■ **Exercise details**
Each record below must be reproduced exactly as it reads, with its images omitted.

===============

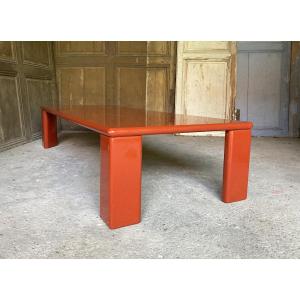 Kazuhide Takahama table basse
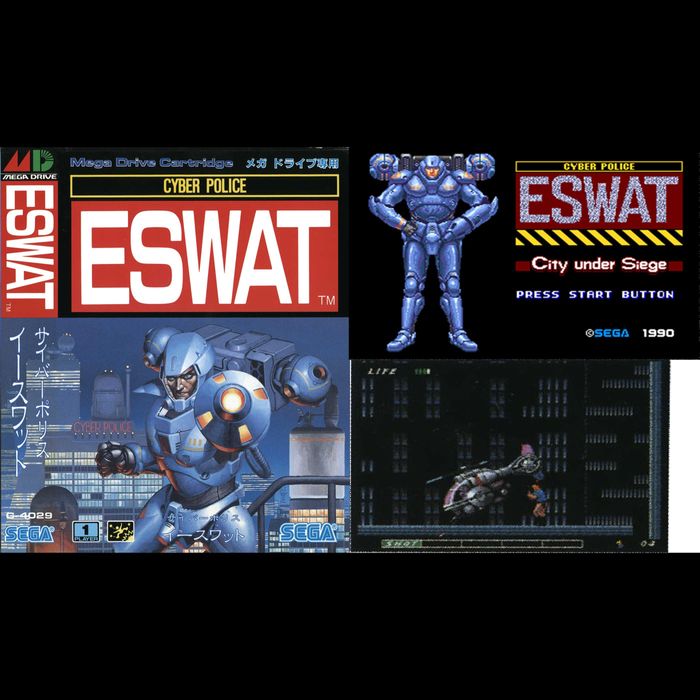 Кассета для sega 4 игры (КС-412)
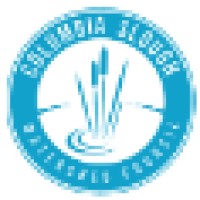 Columbia Slough Watershed Council Logo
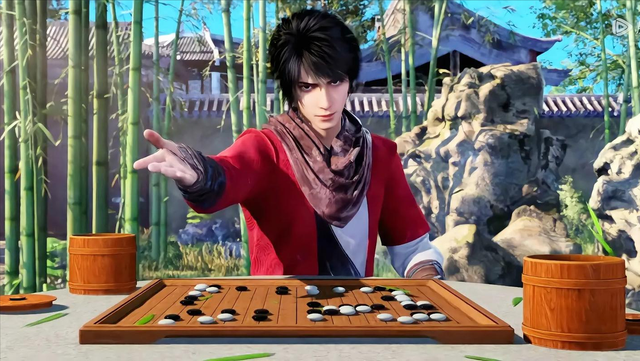 “天下尽做饵 唯本帅执杆”李星云以身入局，最终活成了大帅的样子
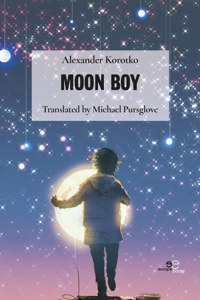 MOON BOY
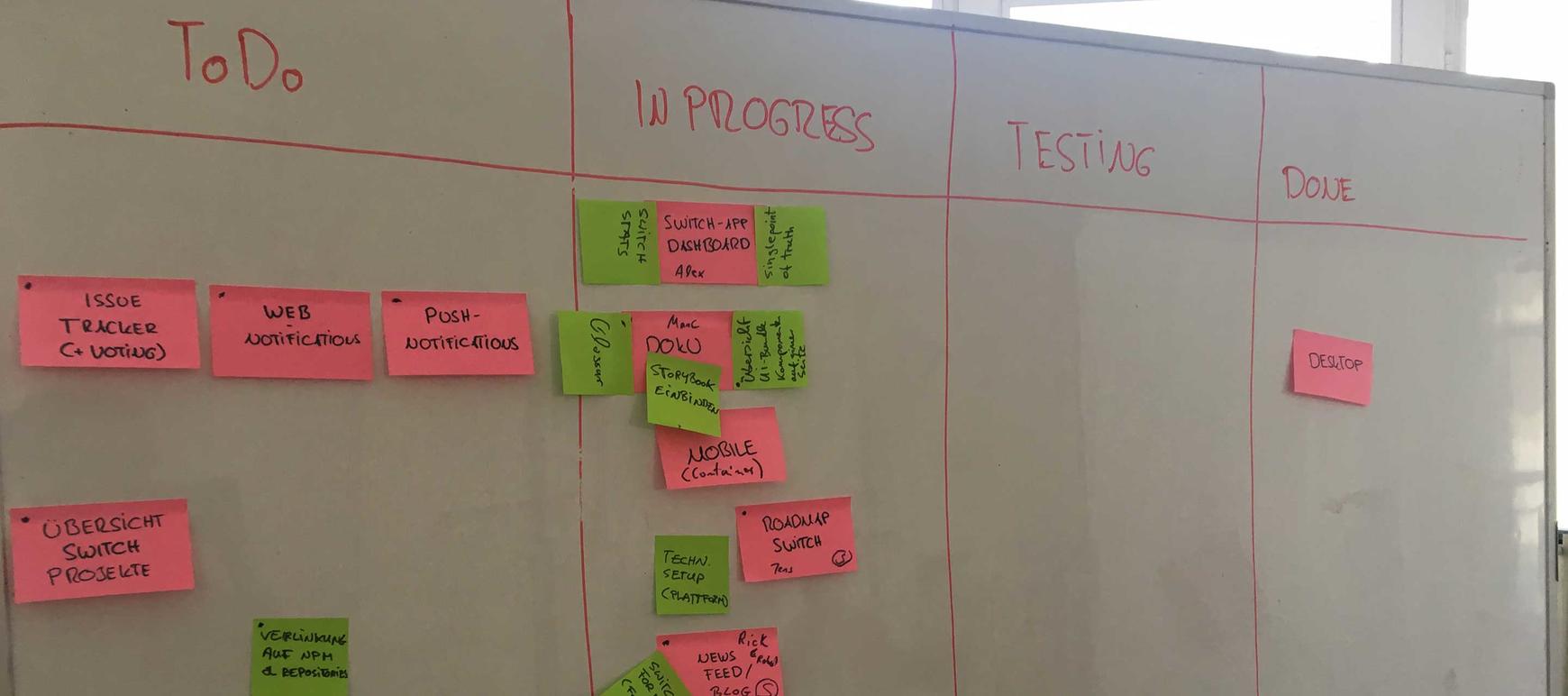 Hackathon ETECTURE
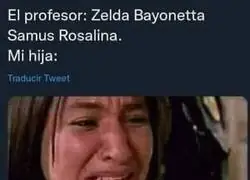 Un nombre para llevar con orgullo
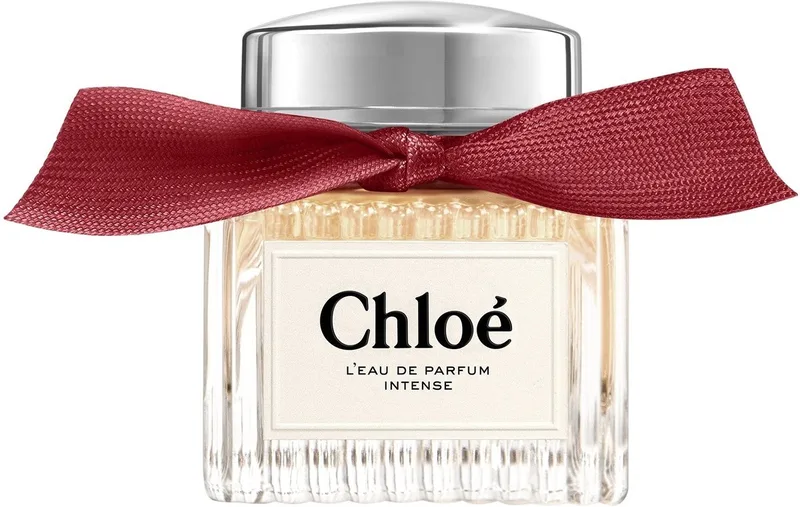 Chloé Intense - eau de parfum spray - damesparfum van Chloé in 30 ml – productfoto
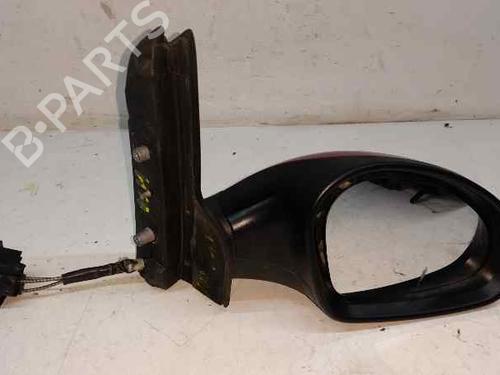 Used Right mirror SEAT ALTEA (5P1) [2004-2015]  182131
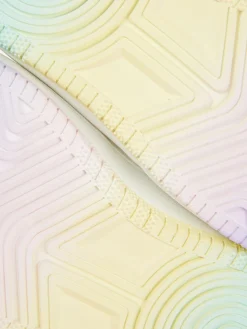 Ténis Sola Grossa Ombré Estrelas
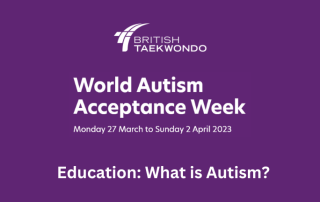 What is Autism Website News Featured Image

===============

■ **Output below**
 Kazuhide Takahama table basse
 Кассета для sega 4 игры (КС-412)
 Columbia Slough Watershed Council Logo
 “天下尽做饵 唯本帅执杆”李星云以身入局，最终活成了大帅的样子
 MOON BOY
 Hackathon ETECTURE
 Un nombre para llevar con orgullo
 Chloé Intense - eau de parfum spray - damesparfum van Chloé in 30 ml – productfoto
 Used Right mirror SEAT ALTEA (5P1) [2004-2015]  182131
 Ténis Sola Grossa Ombré Estrelas
 What is Autism Website News Featured Image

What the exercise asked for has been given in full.